A camera pans over a massive green mountain, hazy blue sky and surrounding valley. The footage looks like maybe it got cut from Jurassic Park for being too majestic. Two parallel planes dance together as they fly over a lush ravine. We see their smiling faces peering anxiously, hopefully out the tiny windows as an Australian voice says, "Inside these planes are ten single men and ten single women. They have one thing in common: They're all looking for love."

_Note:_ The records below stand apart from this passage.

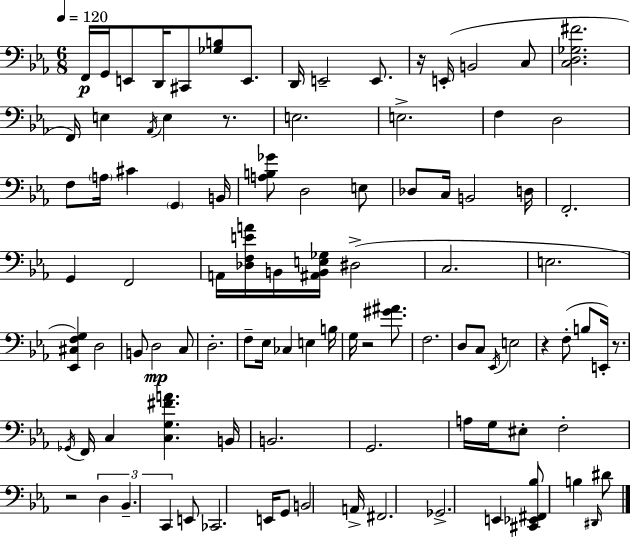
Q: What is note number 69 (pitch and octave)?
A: D3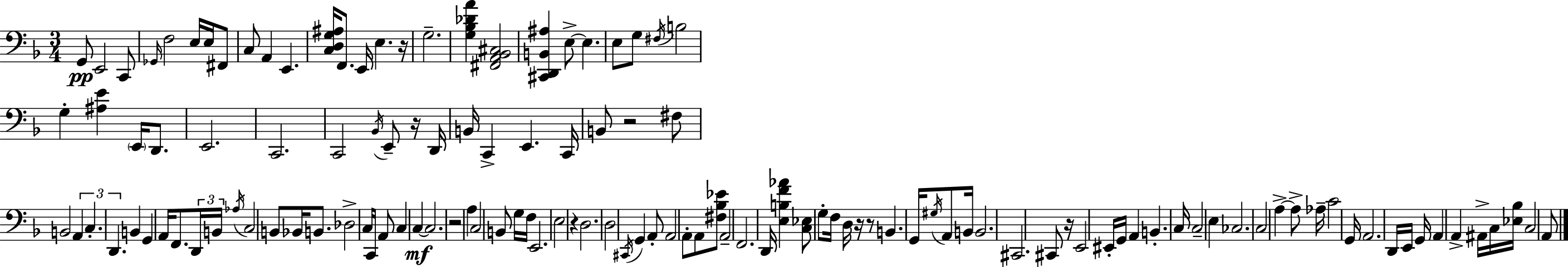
{
  \clef bass
  \numericTimeSignature
  \time 3/4
  \key f \major
  g,8\pp e,2 c,8 | \grace { ges,16 } f2 e16 e16 fis,8 | c8 a,4 e,4. | <c d g ais>16 f,8. e,16 e4. | \break r16 g2.-- | <g bes des' a'>4 <fis, a, bes, cis>2 | <cis, d, b, ais>4 e8->~~ e4. | e8 g8 \acciaccatura { fis16 } b2 | \break g4-. <ais e'>4 \parenthesize e,16 d,8. | e,2. | c,2. | c,2 \acciaccatura { bes,16 } e,8-- | \break r16 d,16 b,16 c,4-> e,4. | c,16 b,8 r2 | fis8 b,2 \tuplet 3/2 { a,4 | c4.-. d,4. } | \break b,4 g,4 a,16 | f,8. \tuplet 3/2 { d,16 b,16 \acciaccatura { aes16 } } c2 | b,8 bes,16 b,8. des2-> | c16 c,16 a,8 c4 | \break c4~~\mf c2. | r2 | a4 c2 | b,8 g16 f16 e,2. | \break e2 | r4 d2. | d2 | \acciaccatura { cis,16 } g,4 a,8-. a,2 | \break a,8-. a,8 <fis bes ees'>8 a,2-- | f,2. | d,16 <e b f' aes'>4 <c ees>8 | g8-. f16 d16 r16 r8 b,4. | \break g,16 \acciaccatura { gis16 } a,8 b,16 b,2. | cis,2. | cis,8 r16 e,2 | eis,16-. g,16 a,4 b,4.-. | \break c16 c2-- | e4 ces2. | c2 | a4->~~ a8-> aes16-- c'2 | \break g,16 a,2. | d,16 e,16 g,16 a,4 | a,4-> ais,16-> c16 <ees bes>16 c2 | a,8 \bar "|."
}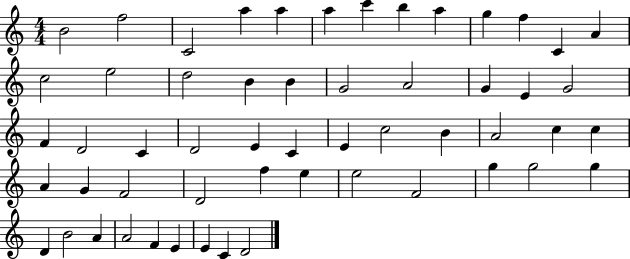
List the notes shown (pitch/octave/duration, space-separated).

B4/h F5/h C4/h A5/q A5/q A5/q C6/q B5/q A5/q G5/q F5/q C4/q A4/q C5/h E5/h D5/h B4/q B4/q G4/h A4/h G4/q E4/q G4/h F4/q D4/h C4/q D4/h E4/q C4/q E4/q C5/h B4/q A4/h C5/q C5/q A4/q G4/q F4/h D4/h F5/q E5/q E5/h F4/h G5/q G5/h G5/q D4/q B4/h A4/q A4/h F4/q E4/q E4/q C4/q D4/h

Thus begins tonight's premiere episode of Love in the Wild, NBC's newest reality dating series that clearly wants us to believe that it considers itself a real-life romantic epic, grand in both its location and hopes for its contestants. At least in the beginning, the show's intentions sound reasoned and pure (at least to those who have never actually seen a reality dating show before): To put these young, attractive, single, mostly white people on dates in the most extreme of wilderness situations, reward the most successful male-female partners with romantic prize packages, and hope that the combination of thrilling adventure, gorgeous landscape and mandatory teamwork will result in a lasting love for at least one of these couples. "It's like speed dating meets Romancing the Stone!" a naive person might think to him- or herself. "An epic tale of risk, danger and romance!"
In reality, though -- at least, the twisted, non-reality that we have termed the "reality" of reality TV -- Love in the Wild takes the forced isolation of The Real World, the silly challenges of not a Survivor or an Amazing Race, say, but of a Legends of the Hidden Temple, and the sophomoric sexual politics of Bachelor Pad, throws
them in a Costa Rican blender (that looks suspiciously like a high-end
Costa Rican resort) and hopes we'll drink up the drama.
It's low-brow, low-thought, low-budget and shal-low. In other words,
it's hilarious and fun and ridiculous and terrible. But terrible in one
of the best ways a reality show can be terrible, which is by turning the players, who seem genuine, if completely naive, in their hopes of finding a mate, into each other's punishments.
Unlike a show like Fear Factor or Bachelor Pad, where challenges are designed to punish the contestants merely for their participation, on Love in the Wild, if you choose your partner wisely and treat each other well, these challenges might actually be fun. In tonight's first challenge, it's not really about the crocodile-infested river (which is itself questionably "infested"), but how well you and your partner can construct the raft meant to get you down it. The rest of the challenge is basically a nature walk through a well-manicured ropes course. With the right person, it would be delightful. But with the wrong person ... well, it's just like a hellish first date in the real world, but with no way to hail a cab home: Your stupidity in date-selection becomes your punishment (and our amusement), as you may literally get stuck up sh*t creek without a paddle and, worse, with someone you initially thought was cute, but now completely loathe.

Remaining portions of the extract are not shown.